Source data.
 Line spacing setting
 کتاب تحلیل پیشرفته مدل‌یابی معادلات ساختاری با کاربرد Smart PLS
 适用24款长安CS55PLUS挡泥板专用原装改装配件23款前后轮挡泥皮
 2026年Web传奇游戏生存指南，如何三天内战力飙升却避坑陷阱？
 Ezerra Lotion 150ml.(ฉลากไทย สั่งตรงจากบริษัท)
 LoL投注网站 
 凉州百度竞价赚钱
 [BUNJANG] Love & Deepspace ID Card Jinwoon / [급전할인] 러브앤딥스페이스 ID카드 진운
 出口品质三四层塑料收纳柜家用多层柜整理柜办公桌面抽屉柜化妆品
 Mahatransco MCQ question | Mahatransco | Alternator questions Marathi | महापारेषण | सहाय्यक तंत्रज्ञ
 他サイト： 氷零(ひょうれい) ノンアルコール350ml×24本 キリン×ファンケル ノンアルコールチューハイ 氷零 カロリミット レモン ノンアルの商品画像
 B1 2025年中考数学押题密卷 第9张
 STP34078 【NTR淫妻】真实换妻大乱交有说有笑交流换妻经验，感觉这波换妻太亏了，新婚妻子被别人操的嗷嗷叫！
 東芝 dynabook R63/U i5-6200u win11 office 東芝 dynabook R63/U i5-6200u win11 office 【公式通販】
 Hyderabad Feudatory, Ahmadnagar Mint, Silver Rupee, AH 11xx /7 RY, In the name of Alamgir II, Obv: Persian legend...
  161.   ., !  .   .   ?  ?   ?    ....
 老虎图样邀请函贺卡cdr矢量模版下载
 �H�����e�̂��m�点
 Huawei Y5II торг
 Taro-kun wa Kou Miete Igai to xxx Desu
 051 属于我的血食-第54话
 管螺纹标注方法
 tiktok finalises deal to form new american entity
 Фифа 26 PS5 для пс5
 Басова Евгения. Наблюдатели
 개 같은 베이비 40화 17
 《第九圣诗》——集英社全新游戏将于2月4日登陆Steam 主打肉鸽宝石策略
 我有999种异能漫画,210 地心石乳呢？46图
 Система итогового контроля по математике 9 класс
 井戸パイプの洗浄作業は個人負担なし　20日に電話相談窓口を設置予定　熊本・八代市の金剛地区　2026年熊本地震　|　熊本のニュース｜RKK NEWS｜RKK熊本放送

What you have to do. The answer must consist of the lines from the one with "tiktok finalises deal" through the final line of the entries above, exactly as they are, and nothing else.

Problem solution.
 tiktok finalises deal to form new american entity
 Фифа 26 PS5 для пс5
 Басова Евгения. Наблюдатели
 개 같은 베이비 40화 17
 《第九圣诗》——集英社全新游戏将于2月4日登陆Steam 主打肉鸽宝石策略
 我有999种异能漫画,210 地心石乳呢？46图
 Система итогового контроля по математике 9 класс
 井戸パイプの洗浄作業は個人負担なし　20日に電話相談窓口を設置予定　熊本・八代市の金剛地区　2026年熊本地震　|　熊本のニュース｜RKK NEWS｜RKK熊本放送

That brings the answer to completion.